An attorney involved in the 2000 Florida recount says the “nightmare scenario” he witnessed in Miami that year seems about to be repeated — exactly 20 years later.

In a recent call with reporters, former George W. Bush team lawyer Tom Spencer talked of the “chaotic situation” this year with numerous reports around the country of ballots being dumped by U.S. postal workers, a ballot drop box set on fire in California and more than 300 election-related lawsuits filed in different states.

“All of this is creating a crisis and I believe that the judicial and litigation status of all of these lawsuits which are being filed and the interactions of some of the judges — taking it upon themselves to rewrite election rules at the very last minute — is causing, legitimately, doubt in the public over the efficacy of this election,” Spencer said.

Spencer was one of several lawyers working for President George W. Bush in Miami following the presidential election in 2000, and was one of the few in the room when ballots were being recounted in Miami. He’s now vice president of the non-partisan Lawyers Democracy Fund.

“The specter of the canvassing board reviewing those absentee ballots and the recounted ballots was really an eye-opener for me,” he said.

“As I looked at what the canvassing board in Miami-Dade County was doing, I could see that it was a political decision by many of the canvassing board officials,” Spencer said. “Those who were Democrats found Gore votes in the hanging chads, those that were Republican members of the judiciary found Bush ballots in those hanging chads. And the standards which were used to determine voter intent in that election were frighteningly absent. Throughout the state, there were different standards that were used.”

Spencer said he thinks the country is in “very much the same position” today, and that few people understand just how long it will take to do a manual recount.

“People don’t realize that the time necessary in order to analyze those ballots is extraordinary,” he said.

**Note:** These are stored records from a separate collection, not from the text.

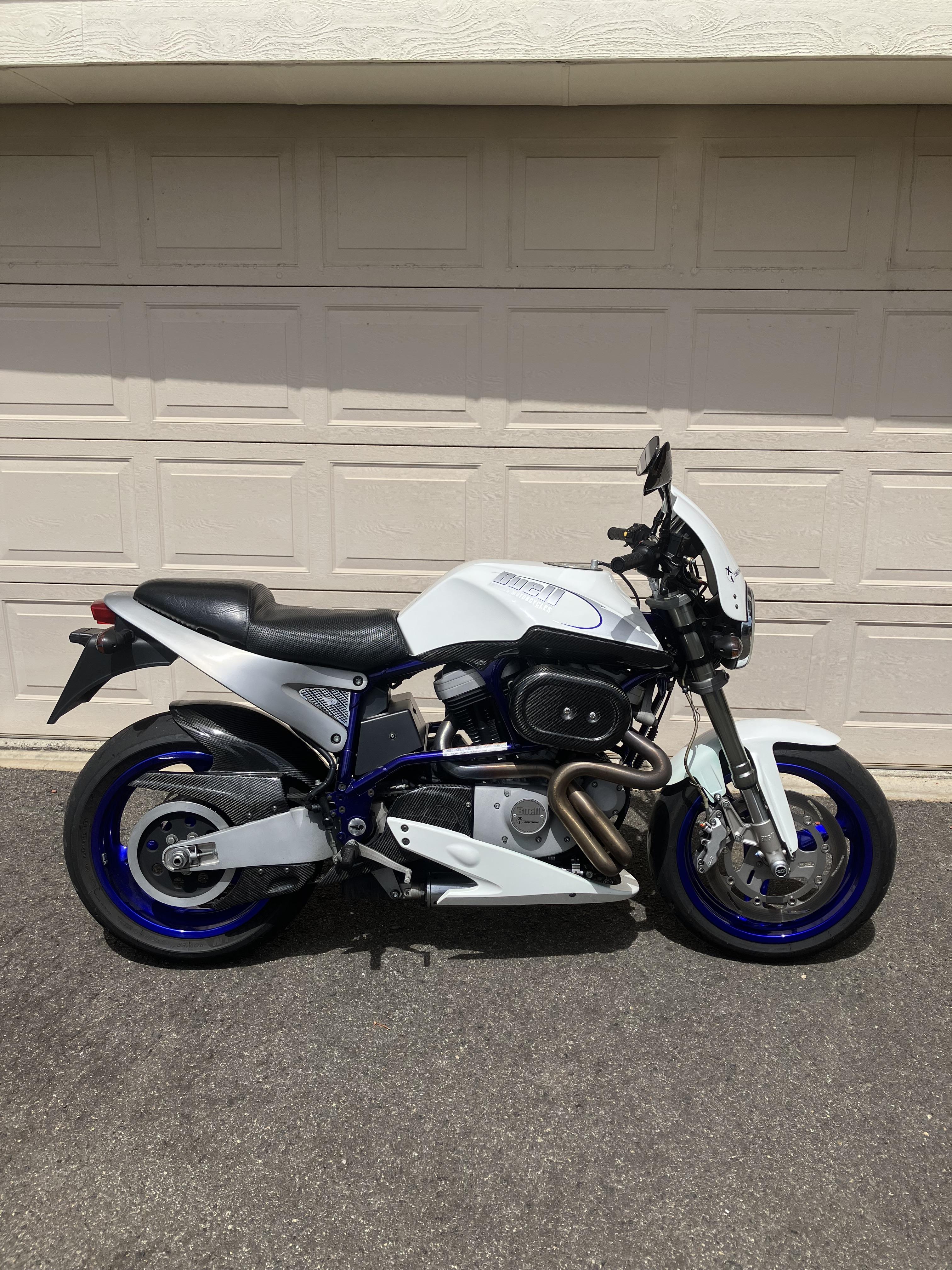 2002 BUELL X1 LIGHTNING SPORTS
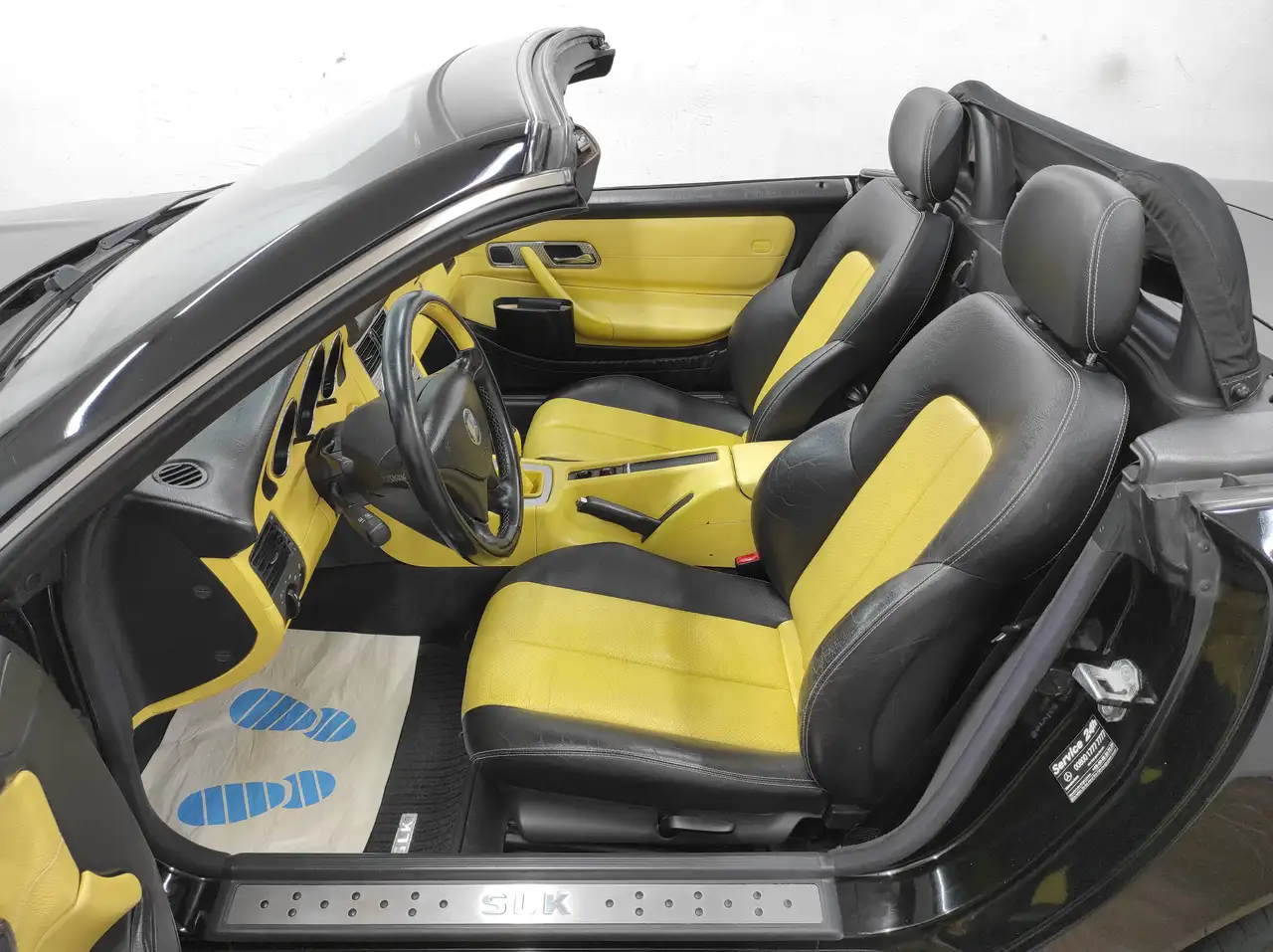 Mercedes-Benz SLK 230 KOMPRESSOR KLIMA SHZ TEMP 6-GANG BOSE VOLL-LEDER ESP, foto 10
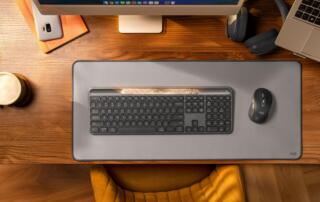 Logitech prezentuje solarną klawiaturę Signature Slim Solar+ K980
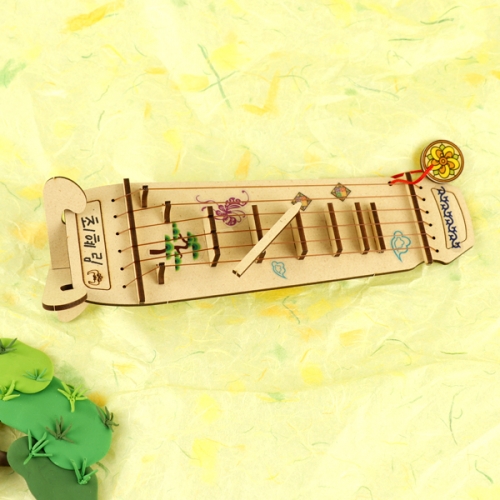 메이크문구 W047 미니거문고만들기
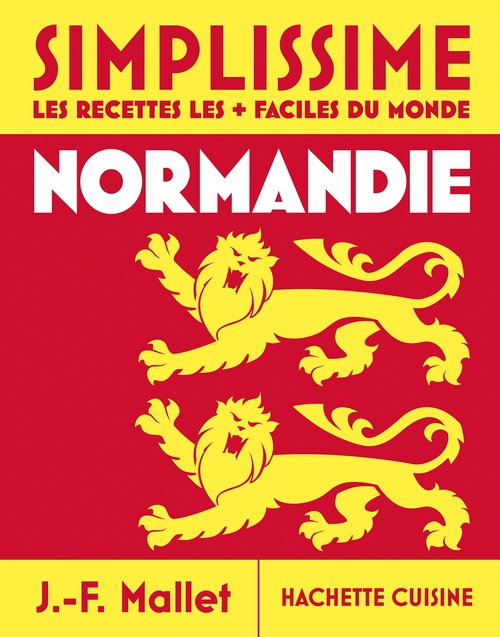 Couverture ebook de Simplissime - Normandie, de Jean-François Mallet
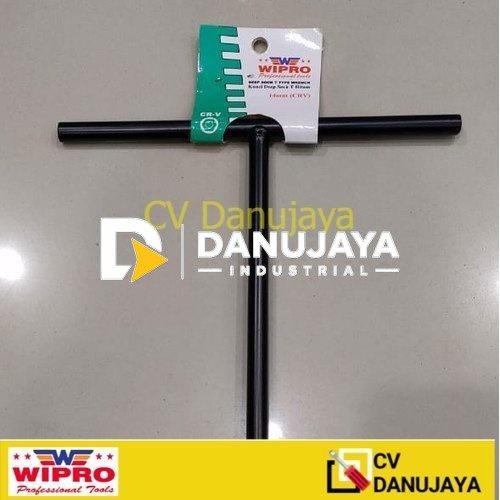 WIPRO Kunci Sock T Hitam 17 mm Kunci Deep Sock T Hitam 17 mm CRV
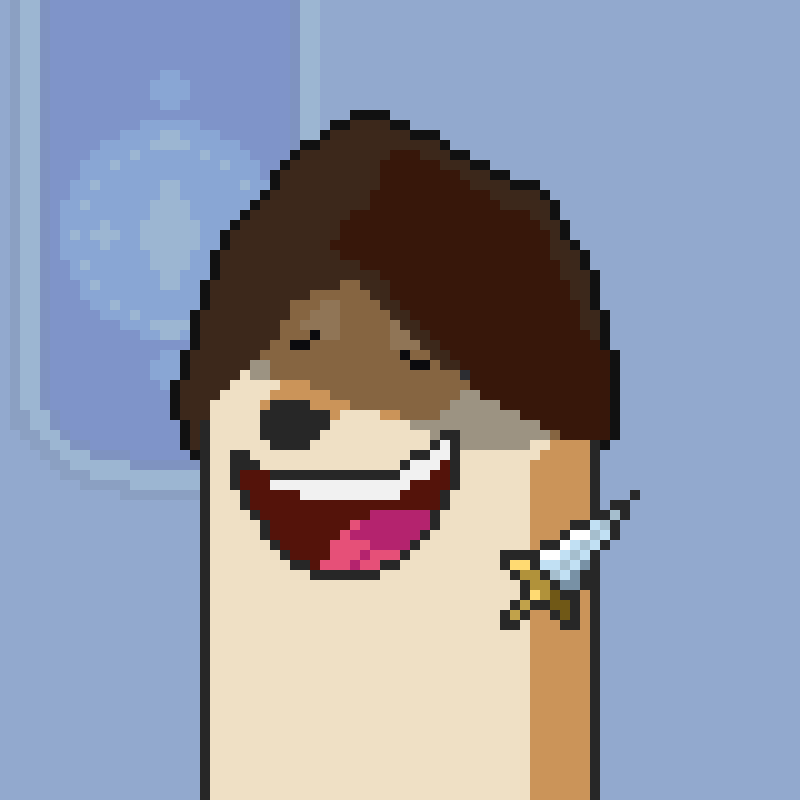 #609 Blocky Doge: Guilds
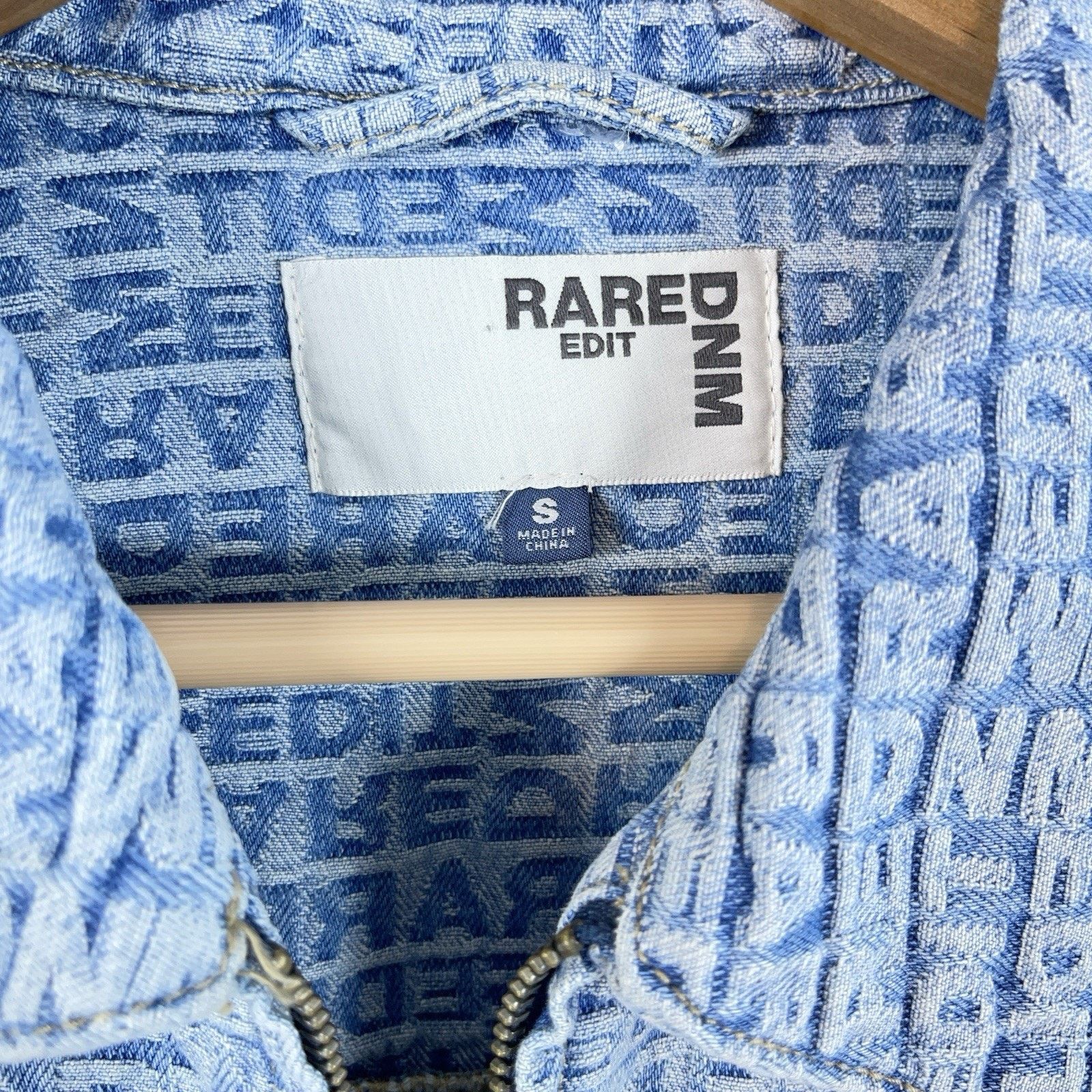 Pacsun Pacsun Rare Dnm Edit Monogram Jacquard Gas Jacket Size US S / EU 44-46 / 1 - 4 Thumbnail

Most of the election-related lawsuits have to do with mail-in and absentee ballots. Many are funded by the Democratic Party or its allies, in most cases asking courts to strike down state laws designed to guard against voter fraud.

The U.S. Supreme Court recently voted 4-4 on an appeal by Pennsylvania Republicans of a Pennsylvania Supreme Court decision requiring counties to accept ballots received up to three days after an election, and even if the postmark is not visible (or nonexistent), handing a win to the Democrats and their election lawyer, Marc Elias.

In coming days, the U.S. Supreme Court will rule on whether election officials in Wisconsin must accept ballots that arrive six days after Election Day.

Among other battleground states, Arizona, Florida, Georgia and Michigan have a hard deadline of Election Day for receipt of mail-in and absentee ballots, but North Carolina, Minnesota, Nevada and Ohio will count ballots received three to 10 days after the election.

An unprecedented number of people are expected to vote by mail this year, because of the COVID-19 pandemic. The Democratic Party in particular has pushed mail-in voting, and pushed for states to send out ballots to all voters on the voter rolls, a scenario that many have warned would be a disaster given the condition of voter rolls.

A report released last month by the Public Interest Legal Foundation (PILF) found 349,773 dead people on voter rolls in 41 states, and that of these, 7,890 had cast votes in 2016 — votes that were counted. New York had the highest number of dead people on its rolls — 59,096, followed by 36,054 in Texas, 34,225 in Michigan and 25,162 in Florida.

North Carolina, a swing state, had the highest number of dead people who voted in 2016 — 2,454.

Duplicate registrations were also revealed in the report to be an enormous problem.

The authors of the PILF report said it appeared from state voter files that 43,760 people cast second votes from the same address in 2016, and that tens of thousands of these appeared to be mail-in ballots.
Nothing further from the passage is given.